A History of the World in 100 Animals by Simon Barnes

A History of the World in 100 Animals by Simon Barnes

Author:Simon Barnes [Barnes, Simon]
Language: eng
Format: epub
Published: 2022-05-03T00:00:00+00:00


Saviour of the seals: illustration for Rudyard Kipling’s ‘The White Seal’ from The Jungle Book (published in 1894).

Most seals generally feed on fish, but the leopard seal specializes in penguins and other species of seal. The seals’ adaptations for long and deep diving include fully collapsible lungs, insulating layers of blubber and, sometimes, fur: it follows that, though some species can cope with warm conditions, they are essentially creatures of the cold. You can see a colony hauled out on a beach and basking as if they were sun-worshippers at a Mediterranean resort, but in temperatures that would kill an ill-equipped human.

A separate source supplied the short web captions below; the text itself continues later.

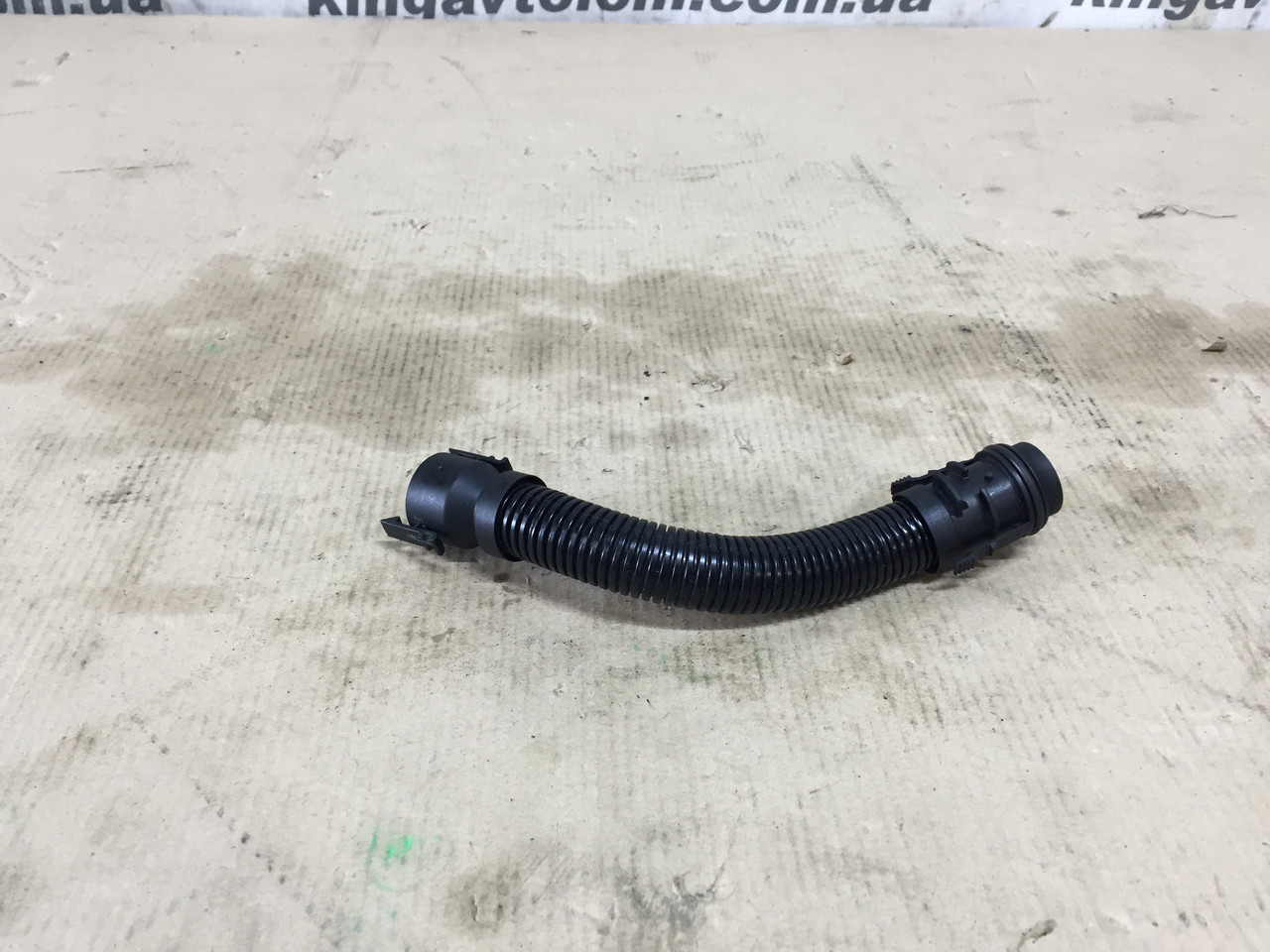 Патрубок BMW F01 7 series 5865091, фото 1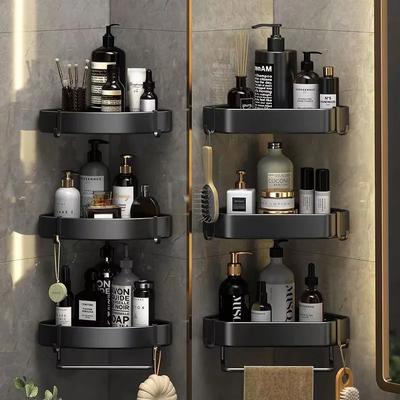 Productos para el baño – Estantes y soportes para baño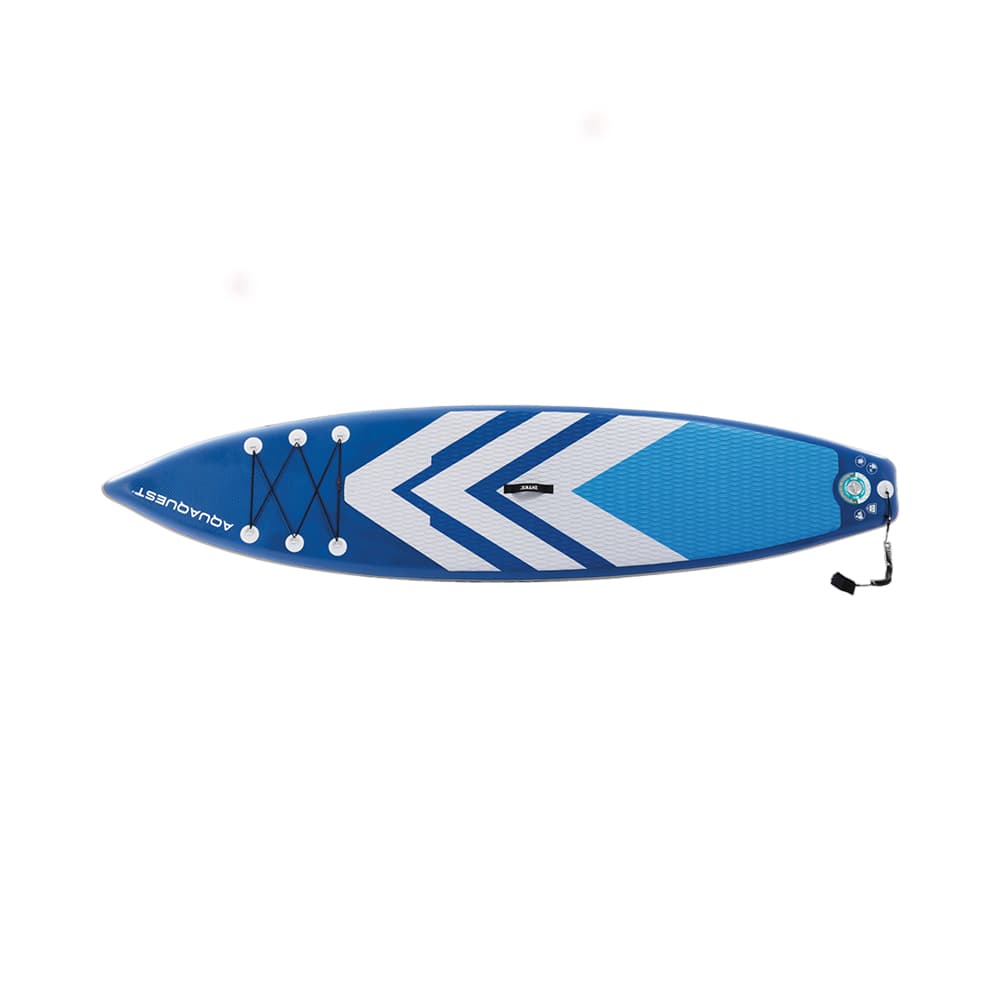 Anúncio: TABLA INFLABLE DE PADDLE SURF INTEX AQUAQUEST 350T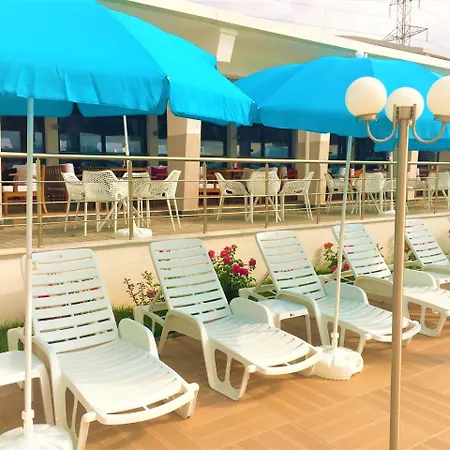Resort Hotel Aqua Kŭrdzhali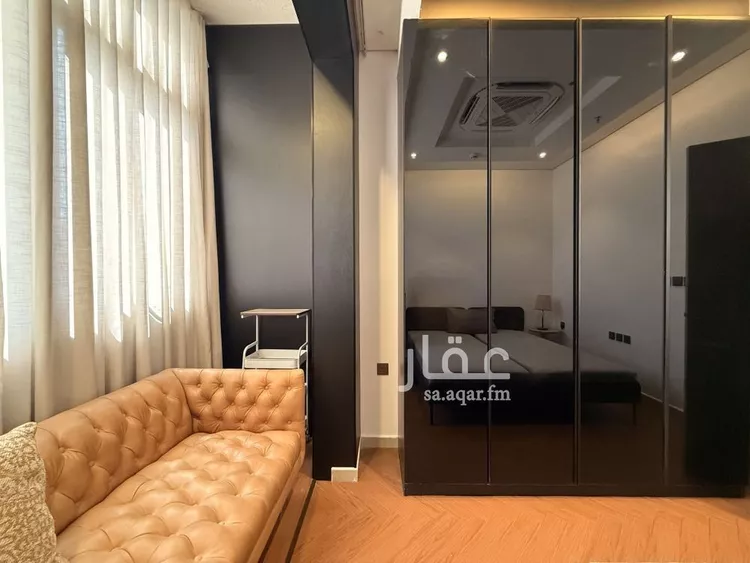 شقة للإيجار في شارع وادي الشوكة, حي الصحافة, مدينة الرياض, منطقة الرياض صورة 2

Humans have mostly liked seals, or at least enjoyed watching them. Many seaside resorts offer trips to the seals: in Norfolk, in England, several hundred people a day set off on a flotilla of boats to visit the seal colony on Blakeney Point. Seals were kept in ancient Rome: Pliny the Elder remarks that they are amenable to training. Roman citizens could watch seals salute with their flippers and bark in response to certain commands. They could also watch seals in animal shows at the circuses: there are records of polar bears being set loose on seals for the entertainment of thousands. Probably these were mostly Mediterranean monk seals, now an Endangered species.

The trainability of seals is a result of their sociable disposition, and their need to please someone higher up in the dominance hierarchy. They have been trained to amuse humans for at least 2000 years: so much so that they define a human who responds unthinkingly to the requirements of others. In the Clint Eastwood film The Dead Pool, a character talks of the difficulties of getting a drug-addicted singer to do his stuff: ‘Don’t worry. Johnny’s like a trained seal. Throw him a fish and he’ll perform.’

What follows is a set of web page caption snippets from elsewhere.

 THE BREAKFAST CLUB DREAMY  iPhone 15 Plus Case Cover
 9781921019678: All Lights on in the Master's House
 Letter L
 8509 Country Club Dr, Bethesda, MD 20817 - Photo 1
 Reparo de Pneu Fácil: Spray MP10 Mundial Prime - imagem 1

And while in recent years there have been increasing ethical concerns about performing seals in circuses and as public entertainments, this is nothing compared to the concern generated about seal hunting in Canada after the picture that shocked the world. The harp seal, the principal target, had declined to 2 million individuals by 1960, and it’s estimated that they were killed at 290,000 a year between 1952 and 1970.

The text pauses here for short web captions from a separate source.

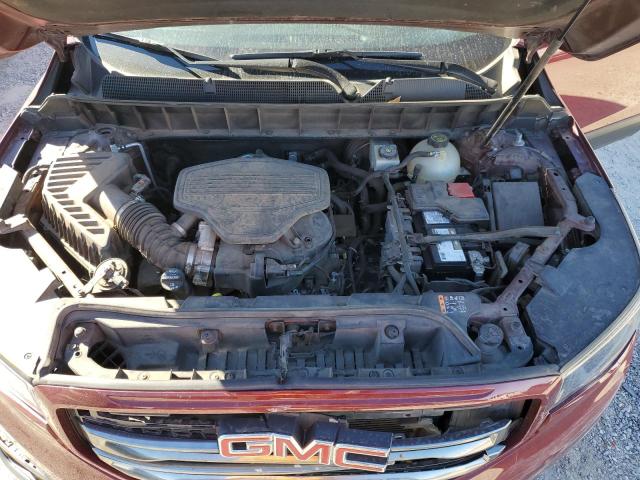 1GKKNVLS5HZ156745 GMC Acadia All Terrain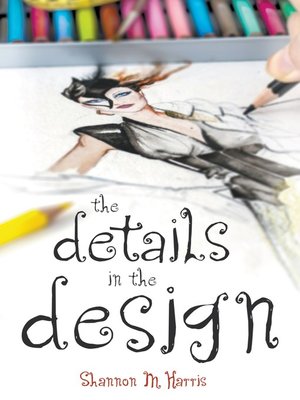 cover image of The Details in the Design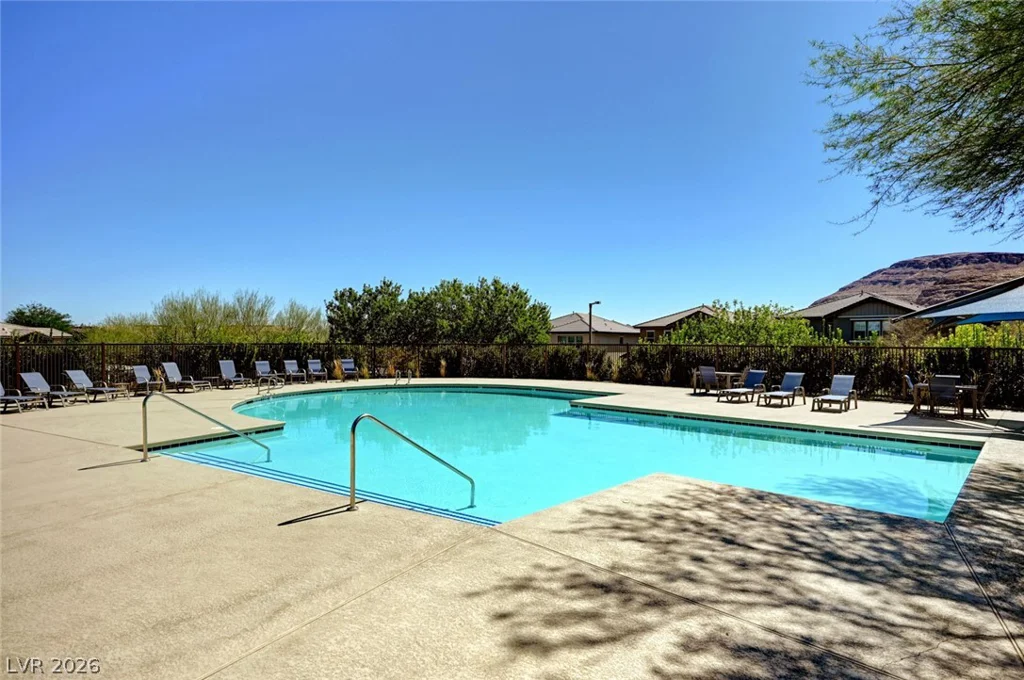 5673 Oak Bend, Las Vegas, NV 89135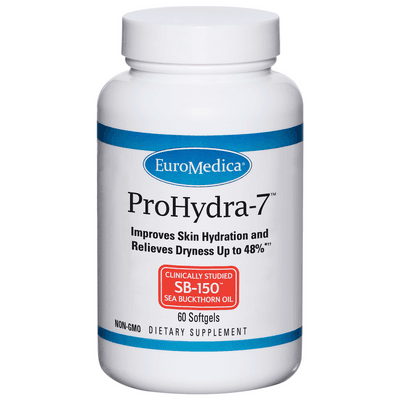 ProHydra-7® (60 Softgels)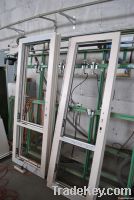 KBE PVC Windows and Doors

Many people spoke out against seal hunting, including Paul and Linda McCartney and Brigitte Bardot. There were responses from governments involved at either end of the trade. The Canadian government introduced quotas in 1971, and later made it illegal to kill ‘whitecoats’: that is to say, harp seals under two weeks old and still in possession of that white coat – in other words, you can’t kill them until they’ve stopped looking cute. In 1983 the EU banned the trade in whitecoat pelts. The USA passed a ban on the hunting of all marine mammals, making some exceptions for hunting by indigenous people.

Commercial seal hunting continues today in Canada, Greenland, Namibia, Norway and Russia. The harp seal population was estimated at 5.5 million in 2005. In other words, objections to the hunting of harp seals cannot be made on the grounds of their likely imminent extinction.